◆ Task ◆
Give back each entry word for word, but drop the images.

═════ Raw data ═════

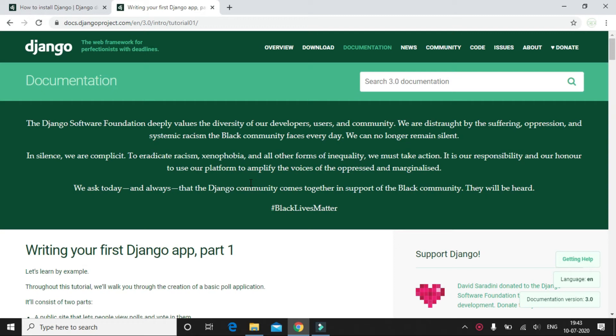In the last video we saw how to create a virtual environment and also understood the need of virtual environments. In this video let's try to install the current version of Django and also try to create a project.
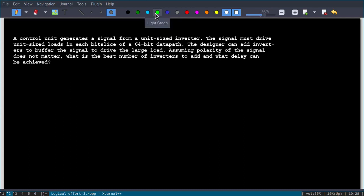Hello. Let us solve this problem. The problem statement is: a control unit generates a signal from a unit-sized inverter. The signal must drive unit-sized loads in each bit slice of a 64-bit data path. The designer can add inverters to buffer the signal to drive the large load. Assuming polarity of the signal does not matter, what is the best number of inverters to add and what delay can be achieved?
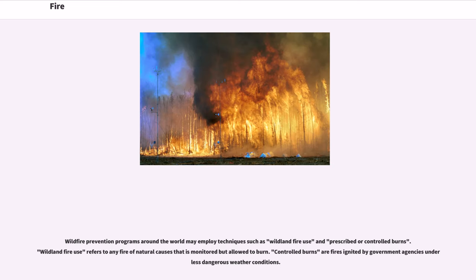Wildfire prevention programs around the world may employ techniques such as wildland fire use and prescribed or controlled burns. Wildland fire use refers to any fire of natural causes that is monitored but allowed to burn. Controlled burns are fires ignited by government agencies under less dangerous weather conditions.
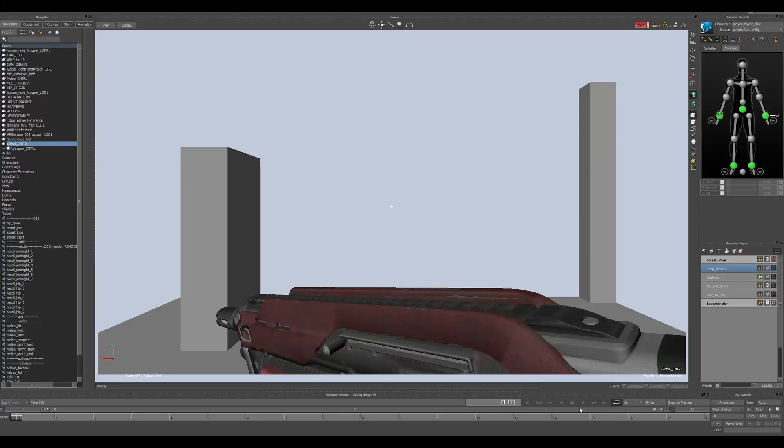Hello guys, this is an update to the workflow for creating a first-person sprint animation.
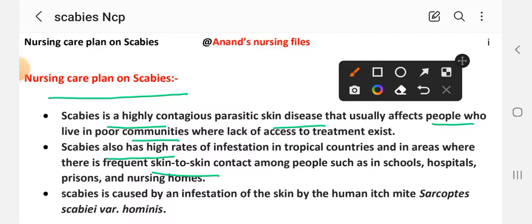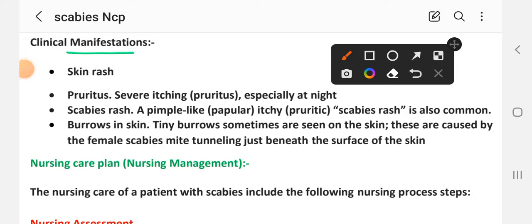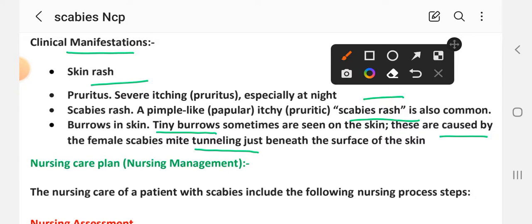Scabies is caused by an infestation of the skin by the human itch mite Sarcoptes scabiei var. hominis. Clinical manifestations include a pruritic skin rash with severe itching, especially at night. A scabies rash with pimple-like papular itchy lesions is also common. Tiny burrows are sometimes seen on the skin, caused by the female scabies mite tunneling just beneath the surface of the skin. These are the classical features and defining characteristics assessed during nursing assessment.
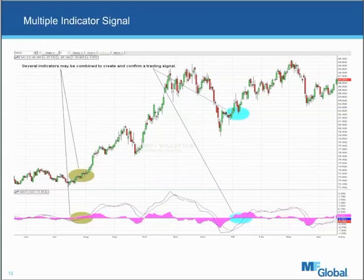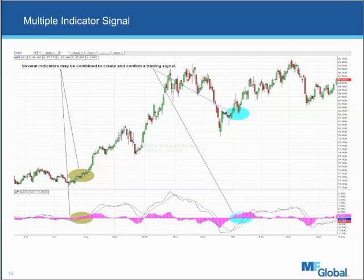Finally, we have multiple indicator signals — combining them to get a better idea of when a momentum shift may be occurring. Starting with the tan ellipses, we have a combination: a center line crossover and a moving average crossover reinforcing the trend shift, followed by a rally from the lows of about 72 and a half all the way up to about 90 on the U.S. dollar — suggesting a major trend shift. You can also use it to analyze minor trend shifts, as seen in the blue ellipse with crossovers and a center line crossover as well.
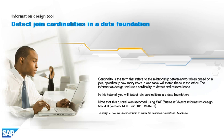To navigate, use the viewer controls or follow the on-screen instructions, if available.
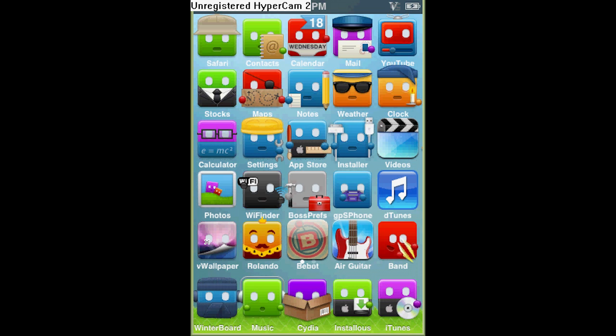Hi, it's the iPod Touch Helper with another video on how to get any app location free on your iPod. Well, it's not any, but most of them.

═════

◆ Answer section ◆
In the last video we saw how to create a virtual environment and also understood the need of virtual environments. In this video let's try to install the current version of Django and also try to create a project.
Hello. Let us solve this problem. The problem statement is: a control unit generates a signal from a unit-sized inverter. The signal must drive unit-sized loads in each bit slice of a 64-bit data path. The designer can add inverters to buffer the signal to drive the large load. Assuming polarity of the signal does not matter, what is the best number of inverters to add and what delay can be achieved?
Wildfire prevention programs around the world may employ techniques such as wildland fire use and prescribed or controlled burns. Wildland fire use refers to any fire of natural causes that is monitored but allowed to burn. Controlled burns are fires ignited by government agencies under less dangerous weather conditions.
Hello guys, this is an update to the workflow for creating a first-person sprint animation.
Scabies is caused by an infestation of the skin by the human itch mite Sarcoptes scabiei var. hominis. Clinical manifestations include a pruritic skin rash with severe itching, especially at night. A scabies rash with pimple-like papular itchy lesions is also common. Tiny burrows are sometimes seen on the skin, caused by the female scabies mite tunneling just beneath the surface of the skin. These are the classical features and defining characteristics assessed during nursing assessment.
Finally, we have multiple indicator signals — combining them to get a better idea of when a momentum shift may be occurring. Starting with the tan ellipses, we have a combination: a center line crossover and a moving average crossover reinforcing the trend shift, followed by a rally from the lows of about 72 and a half all the way up to about 90 on the U.S. dollar — suggesting a major trend shift. You can also use it to analyze minor trend shifts, as seen in the blue ellipse with crossovers and a center line crossover as well.
To navigate, use the viewer controls or follow the on-screen instructions, if available.
Hi, it's the iPod Touch Helper with another video on how to get any app location free on your iPod. Well, it's not any, but most of them.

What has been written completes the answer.